:: Exercise goal ::
Return each line exactly, beginning with the one that has "Russian Triada TKO" and finishing with the final line of the material. Drop any pictures.

:: Records shown ::
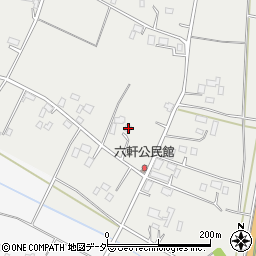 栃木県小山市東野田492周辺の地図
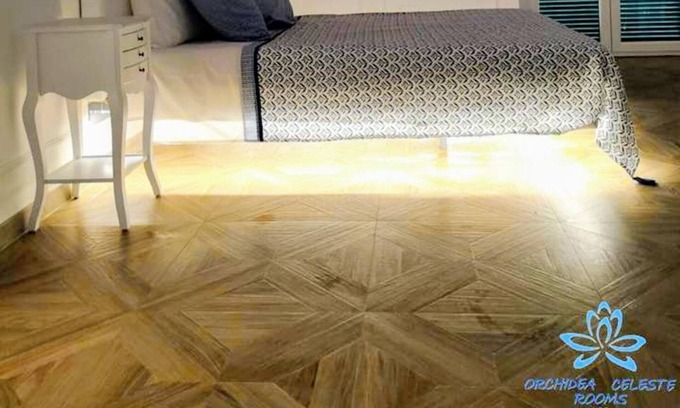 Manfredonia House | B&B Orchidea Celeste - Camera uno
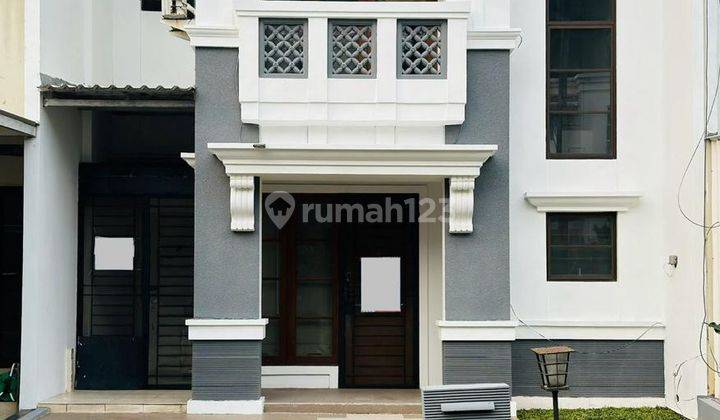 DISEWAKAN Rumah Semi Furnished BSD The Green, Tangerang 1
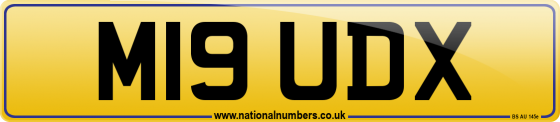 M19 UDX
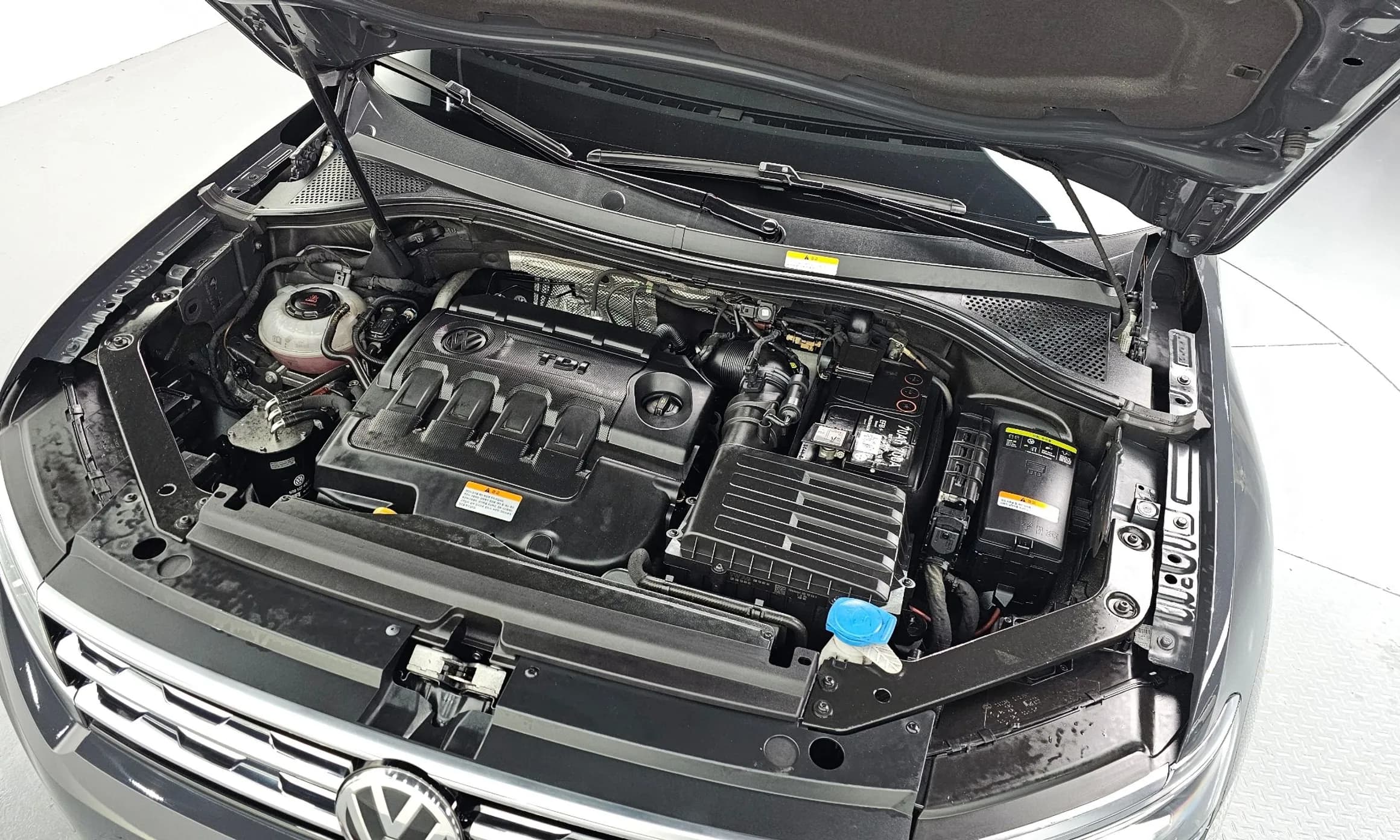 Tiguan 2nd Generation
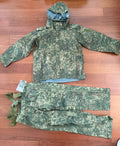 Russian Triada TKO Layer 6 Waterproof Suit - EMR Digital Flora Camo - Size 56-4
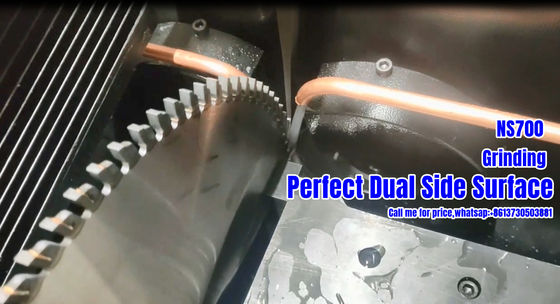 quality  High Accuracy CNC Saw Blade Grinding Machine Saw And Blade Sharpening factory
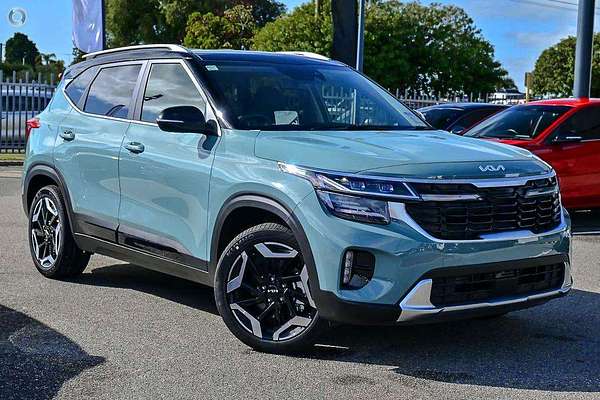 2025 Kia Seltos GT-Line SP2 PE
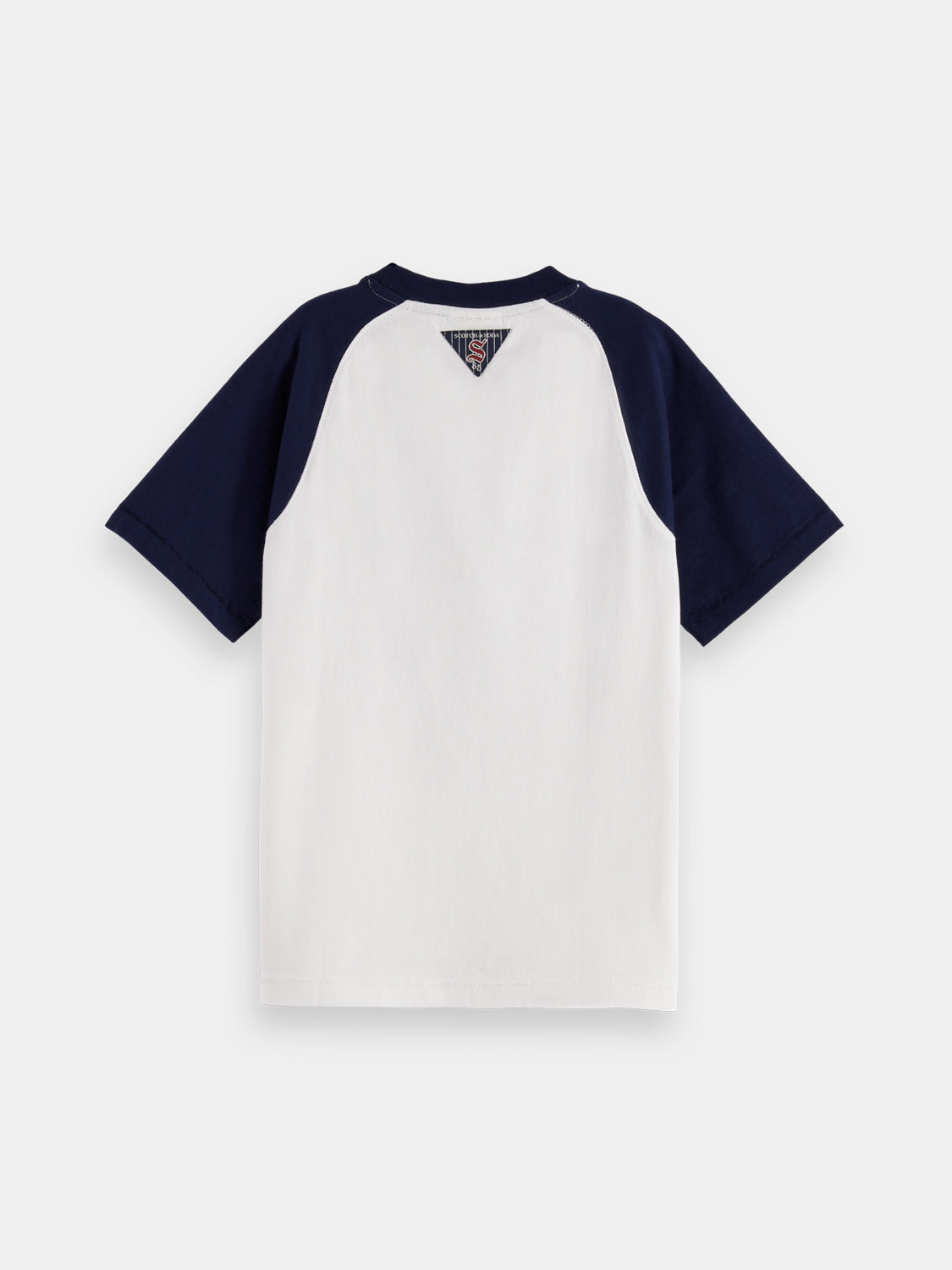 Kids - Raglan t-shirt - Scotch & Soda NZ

:: Exercise solution ::
 Russian Triada TKO Layer 6 Waterproof Suit - EMR Digital Flora Camo - Size 56-4
 quality  High Accuracy CNC Saw Blade Grinding Machine Saw And Blade Sharpening factory
 2025 Kia Seltos GT-Line SP2 PE
 Kids - Raglan t-shirt - Scotch & Soda NZ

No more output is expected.